237 A Igreja é um povo universal destinado a ser "luz das nações" (Is 49,6; Lc 2,32) . Não é constituído nem por raça nem por língua nem por qualquer particularidade humana. Nasce de Deus, pela fé em Jesus Cristo. Por isso não entra em litígio com nenhum outro povo e pode encarnar-se em todos eles, a fim de introduzir em suas histórias o Reino de Deus. Assim "fomenta e assume e, ao assumir, purifica, fortalece e eleva todas as capacidades, riquezas e costumes dos povos no que têm de bom" (LG 13 b).

Povo, Família de Deus

238 Nosso povo latino-americano chama espontaneamente o templo material de "casa de Deus" porque intui que ali se reúne a Igreja como "Família de Deus". É a mesma expressão que a Bíblia usa repetidamente e também o Concílio, para exprimir a realidade mais profunda e íntima do Povo de Deus (Sl 60,8; Dt 32,8s; Ef 2,19; Rm 8,29).

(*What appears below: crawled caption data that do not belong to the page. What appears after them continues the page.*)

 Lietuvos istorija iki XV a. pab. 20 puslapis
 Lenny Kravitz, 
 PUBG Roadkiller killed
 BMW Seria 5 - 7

239 Esta visão da Igreja toca profundamente o homem da AL que tem em alta estima os valores da família e que procura com ânsia, em face da frieza crescente do mundo moderno, a maneira de salvá-los. Nota-se uma reação em muitos países tanto no despontar da pastoral familiar quanto na multiplicação das CEBs, onde se torna possível - a nível de experiência humana - uma intensa vivência da realidade da Igreja como família de Deus.

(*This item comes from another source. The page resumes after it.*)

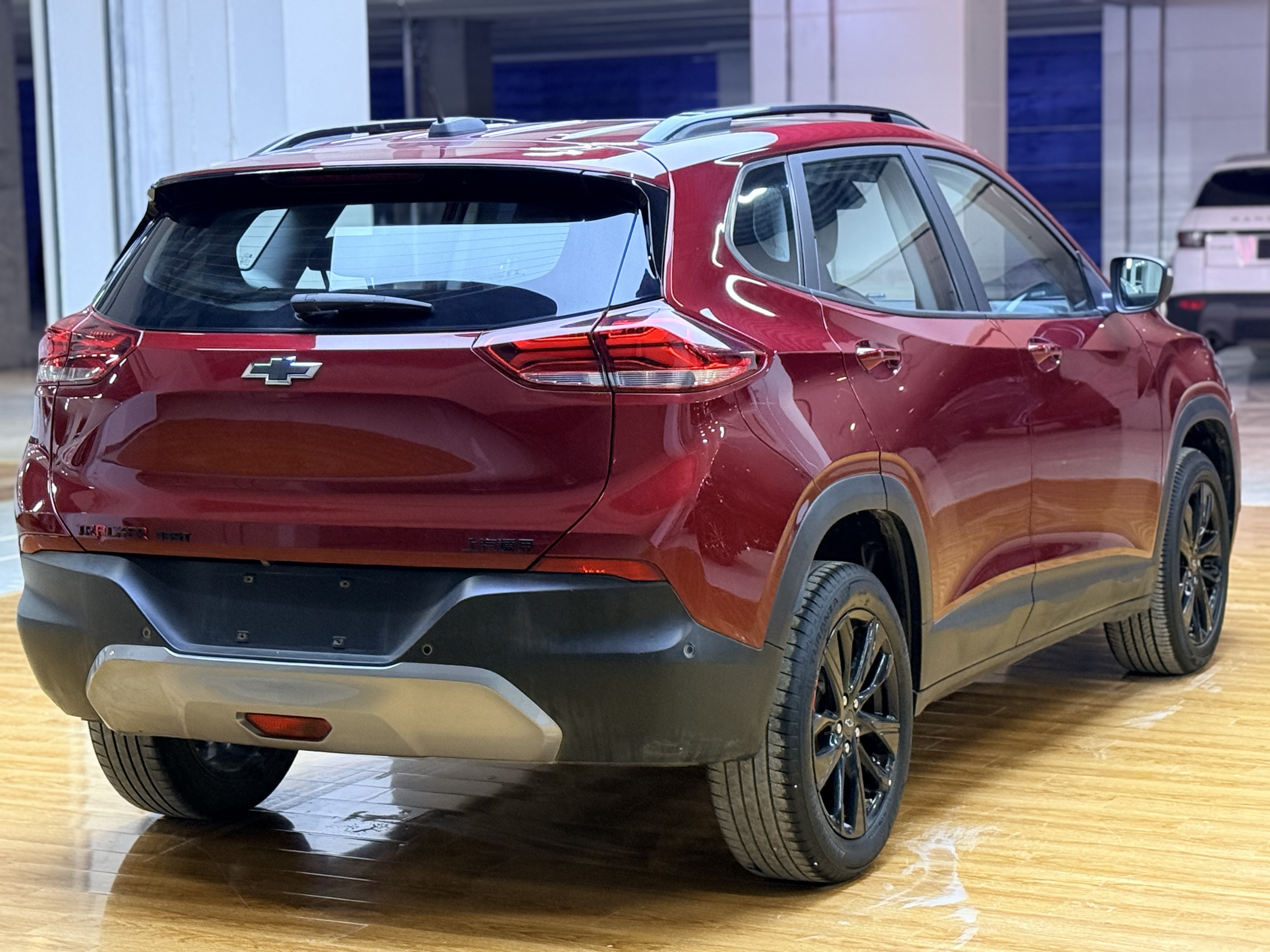Chevrolet Tracker 2019 car image #9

240 Muitas paróquias e dioceses acentuam também o aspecto familiar. Sabem que o latino-americano necessita de uma família e que a procura e que desta maneira encontrará na Igreja respostas para as suas necessidades. Não se trata aqui de uma tática psicológica, mas sim da fidelidade à própria identidade. Porque a Igreja não é o lugar em que os homens "se sentem" mas o lugar em que "se fazem" - real, profunda, ontologicamente - "família de Deus". Convertem-se verdadeiramente em filhos do Pai em Jesus Cristo , que os torna participantes de sua vida, pelo poder do Espírito mediante o batismo. Esta graça da filiação divina é o grande tesouro que a Igreja deve oferecer aos homens de nosso Continente.

241 Da filiação em Cristo nasce a fraternidade cristã. O homem moderno não tem conseguido construir uma fraternidade universal na terra, porque procura uma fraternidade descentrada e sem origem comum. Esqueceu que os homens só têm uma maneira de se tornarem irmãos: reconhecer que procedem do mesmo Pai.

242 A Igreja, família de Deus, é o lar onde cada filho e cada irmão é também senhor, destinado a participar do domínio de Cristo sobre a criação e da história. Este domínio deve ser aprendido e conquistado mediante um continuado processo de conservação e assimilação ao Senhor.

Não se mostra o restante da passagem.